La Khâgne de Clermont-Ferrand pendant les deux guerres mondiales

Date de l'événement : 
Jeudi 10 mars 2005 - 09:30
Auteur : 
Jean-Jacques Perrin
Thèmes Jeudis du patrimoine : 

La Khâgne clermontoise fut créée en 1913, un an avant le début de la première mondiale. Les promotions initiales furent exsangues et instables, avec trois ou quatre élèves, parfois incorporés dans l’armée en cours d’année.
Dès la rentrée 1914, la plupart des enseignants de Première Supérieure furent rappelés sous les drapeaux et remplacés par des professeurs de l’Université trop âgés pour être mobilisés tels que l’historien Georges Desdevises du Dézert et le spécialiste de lettres Louis Maigrok.
Si tous les maîtres revinrent vivants et certains furent même décorés, deux khâgneux moururent au champ d’honneur. Il n’y eut aucun succès à l’Ecole Normale Supérieure pendant la Grande Guerre, mais il est touchant de constater le retour en Khâgne, en 1919, de plusieurs anciens combattants 3 ou 4 années après leur admission initiale. Un autre sujet de satisfaction fut la nomination provisoire en anglais d’une jeune fille de 26 ans en 1917-1918. Il faudra, en effet, attendre 40 ans pour qu’un autre professeur femme obtienne un poste dans la Khâgne auvergnate.
La faiblesse des effectifs, le manque de motivation des candidats et l’absence de résultats entraînèrent, en 1921 la fermeture de cette division, réouverte en 1930. La gratuité de l’enseignement et l’admission des jeunes filles dans cette filière permirent d’alimenter des promotions de 20 à 40 étudiants.
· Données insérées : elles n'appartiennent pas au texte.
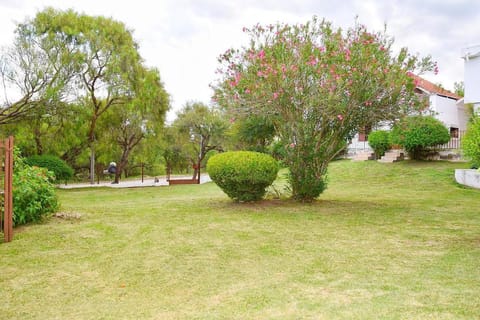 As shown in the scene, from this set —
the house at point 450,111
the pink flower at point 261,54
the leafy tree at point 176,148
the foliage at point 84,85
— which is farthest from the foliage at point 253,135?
the pink flower at point 261,54

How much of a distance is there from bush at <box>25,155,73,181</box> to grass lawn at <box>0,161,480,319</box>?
31.4 feet

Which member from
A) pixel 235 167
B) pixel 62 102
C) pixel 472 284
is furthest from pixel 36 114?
pixel 472 284

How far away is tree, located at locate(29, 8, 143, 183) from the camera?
18922 millimetres

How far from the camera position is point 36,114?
717 inches

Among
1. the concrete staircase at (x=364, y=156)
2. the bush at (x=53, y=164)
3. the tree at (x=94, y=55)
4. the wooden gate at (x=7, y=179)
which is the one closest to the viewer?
the wooden gate at (x=7, y=179)

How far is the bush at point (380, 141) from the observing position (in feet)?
73.0

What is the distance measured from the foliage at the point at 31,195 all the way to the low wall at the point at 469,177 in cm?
1278

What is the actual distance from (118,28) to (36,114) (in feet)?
18.5

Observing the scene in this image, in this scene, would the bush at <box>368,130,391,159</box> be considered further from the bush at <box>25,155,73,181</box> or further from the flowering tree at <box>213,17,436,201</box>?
the bush at <box>25,155,73,181</box>

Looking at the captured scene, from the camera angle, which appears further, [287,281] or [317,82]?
[317,82]

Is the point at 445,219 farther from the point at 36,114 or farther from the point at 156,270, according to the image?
the point at 36,114

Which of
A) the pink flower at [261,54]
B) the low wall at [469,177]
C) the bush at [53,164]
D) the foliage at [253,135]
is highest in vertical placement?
the pink flower at [261,54]

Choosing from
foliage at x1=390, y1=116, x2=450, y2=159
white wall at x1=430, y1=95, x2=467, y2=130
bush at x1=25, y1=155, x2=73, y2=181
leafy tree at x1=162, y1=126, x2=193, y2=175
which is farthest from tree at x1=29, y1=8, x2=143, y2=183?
white wall at x1=430, y1=95, x2=467, y2=130

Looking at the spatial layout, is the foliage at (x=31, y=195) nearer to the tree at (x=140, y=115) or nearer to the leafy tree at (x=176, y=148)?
the tree at (x=140, y=115) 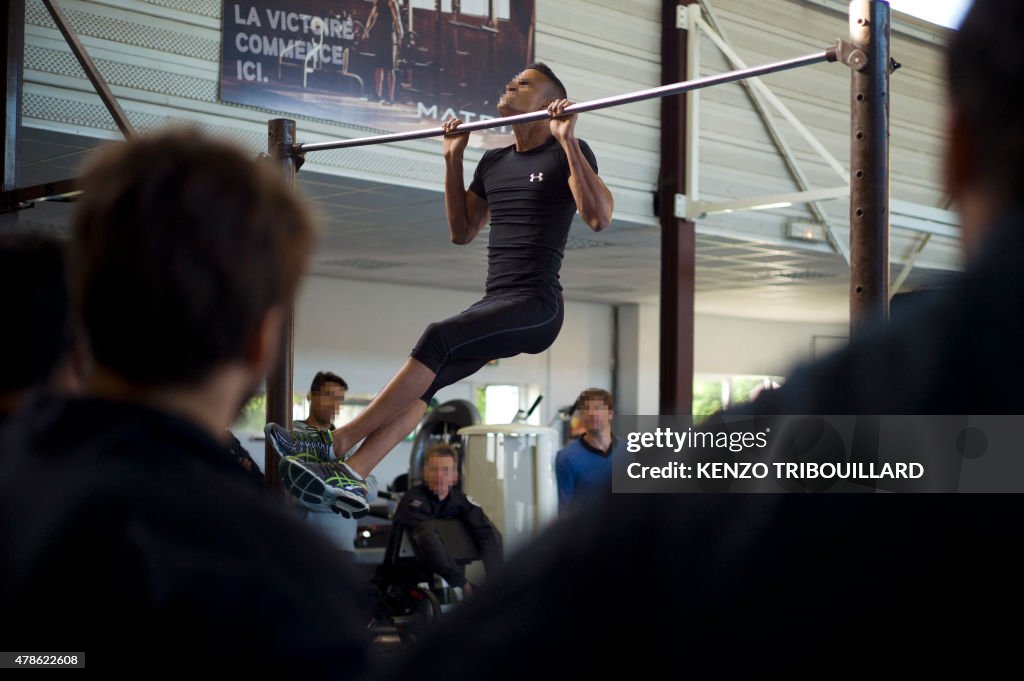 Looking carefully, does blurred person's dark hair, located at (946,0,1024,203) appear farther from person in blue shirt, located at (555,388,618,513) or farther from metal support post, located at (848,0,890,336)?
person in blue shirt, located at (555,388,618,513)

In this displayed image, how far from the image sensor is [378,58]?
7137 millimetres

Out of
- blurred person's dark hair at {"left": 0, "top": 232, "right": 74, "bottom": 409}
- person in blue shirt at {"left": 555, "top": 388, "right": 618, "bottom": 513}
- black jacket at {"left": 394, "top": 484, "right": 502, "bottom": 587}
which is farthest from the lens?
black jacket at {"left": 394, "top": 484, "right": 502, "bottom": 587}

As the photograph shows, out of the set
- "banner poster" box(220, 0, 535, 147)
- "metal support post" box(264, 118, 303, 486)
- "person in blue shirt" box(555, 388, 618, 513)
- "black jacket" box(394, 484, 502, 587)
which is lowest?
"black jacket" box(394, 484, 502, 587)

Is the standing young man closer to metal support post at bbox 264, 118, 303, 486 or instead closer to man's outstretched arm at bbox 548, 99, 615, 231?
man's outstretched arm at bbox 548, 99, 615, 231

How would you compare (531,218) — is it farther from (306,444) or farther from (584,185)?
(306,444)

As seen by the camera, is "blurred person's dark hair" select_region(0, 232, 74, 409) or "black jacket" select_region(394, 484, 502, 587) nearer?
"blurred person's dark hair" select_region(0, 232, 74, 409)

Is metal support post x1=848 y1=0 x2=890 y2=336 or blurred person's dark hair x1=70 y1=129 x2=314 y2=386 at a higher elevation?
metal support post x1=848 y1=0 x2=890 y2=336

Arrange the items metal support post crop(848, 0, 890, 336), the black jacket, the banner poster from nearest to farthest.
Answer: metal support post crop(848, 0, 890, 336)
the black jacket
the banner poster

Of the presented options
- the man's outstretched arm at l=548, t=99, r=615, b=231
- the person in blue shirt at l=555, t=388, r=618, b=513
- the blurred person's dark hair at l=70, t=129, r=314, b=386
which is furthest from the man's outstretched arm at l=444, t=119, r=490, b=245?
the blurred person's dark hair at l=70, t=129, r=314, b=386

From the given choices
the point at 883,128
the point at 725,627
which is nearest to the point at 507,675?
the point at 725,627

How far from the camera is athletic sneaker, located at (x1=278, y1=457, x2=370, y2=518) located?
3.48 m

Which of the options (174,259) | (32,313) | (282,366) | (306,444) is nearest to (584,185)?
(306,444)

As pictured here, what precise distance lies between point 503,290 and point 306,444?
0.83 metres

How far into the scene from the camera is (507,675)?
490 mm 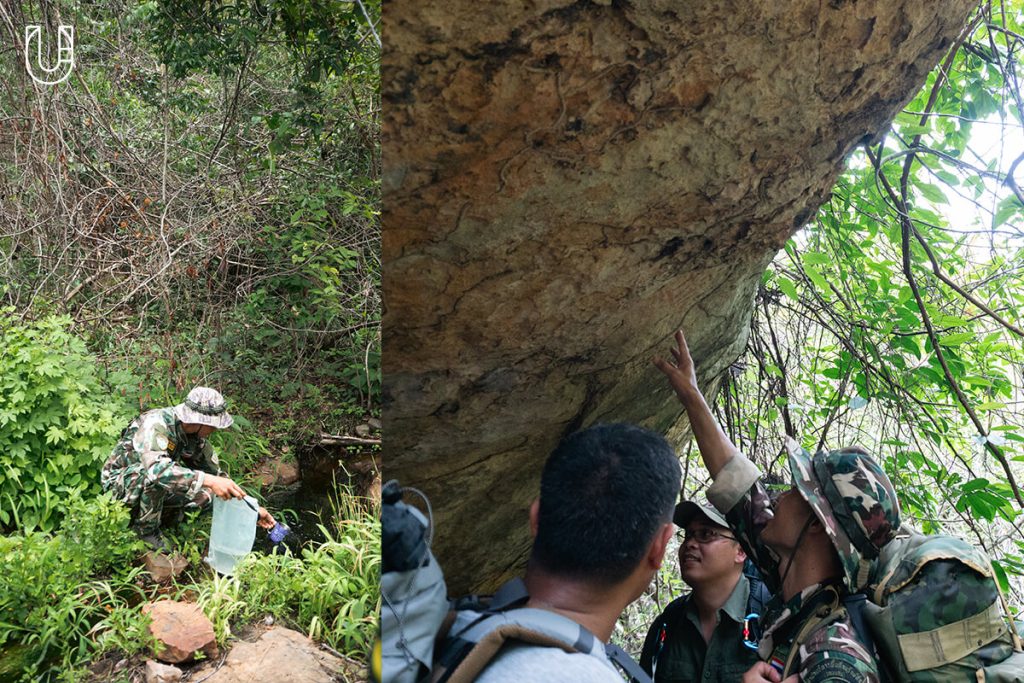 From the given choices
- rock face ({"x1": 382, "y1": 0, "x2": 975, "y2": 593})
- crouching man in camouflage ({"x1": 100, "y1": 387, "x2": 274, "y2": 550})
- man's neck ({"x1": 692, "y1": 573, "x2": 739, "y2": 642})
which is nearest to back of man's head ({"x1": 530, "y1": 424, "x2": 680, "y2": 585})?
rock face ({"x1": 382, "y1": 0, "x2": 975, "y2": 593})

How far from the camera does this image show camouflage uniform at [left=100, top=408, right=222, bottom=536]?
4.06 ft

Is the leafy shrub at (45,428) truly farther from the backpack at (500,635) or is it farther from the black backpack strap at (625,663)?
the black backpack strap at (625,663)

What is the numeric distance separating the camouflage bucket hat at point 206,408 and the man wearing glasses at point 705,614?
2.56 ft

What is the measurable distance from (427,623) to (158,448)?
0.70 meters

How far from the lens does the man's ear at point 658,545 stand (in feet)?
3.01

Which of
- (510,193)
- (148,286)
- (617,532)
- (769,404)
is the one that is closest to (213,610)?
(148,286)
En dépit des rares admissibilités, il n’y a aucun lauréat à l’ENS dans les années 30.
Paradoxalement, la Première Supérieure clermontoise écrivit la plus belle page de son histoire l’ année de la drôle de guerre et de la Débâcle, lorsque la France toucha le fond du gouffre. En 1940, elle obtint ses premiers succès et les meilleurs résultats de l’hexagone. Ce triomphe s’explique par la politique de repli des établissements du Nord et de l’Est du pays. Deux Khâgnes furent installées dans les locaux du Tribunal de Commerce. Elles pouvaient compter sur l’apport d’excellents étudiants parisiens et lyonnais et la nomination de 5 professeurs expérimentés venus de la capitale, parmi lesquels l’écrivain Jean Guéhenno et le philosophe Michel Alexandre. Cette promotion exceptionnelle accueillit Eric Rohmer, Pierre Moussa et Madeleine Rebérioux célèbres aujourd’hui comme cinéaste, financier et historienne.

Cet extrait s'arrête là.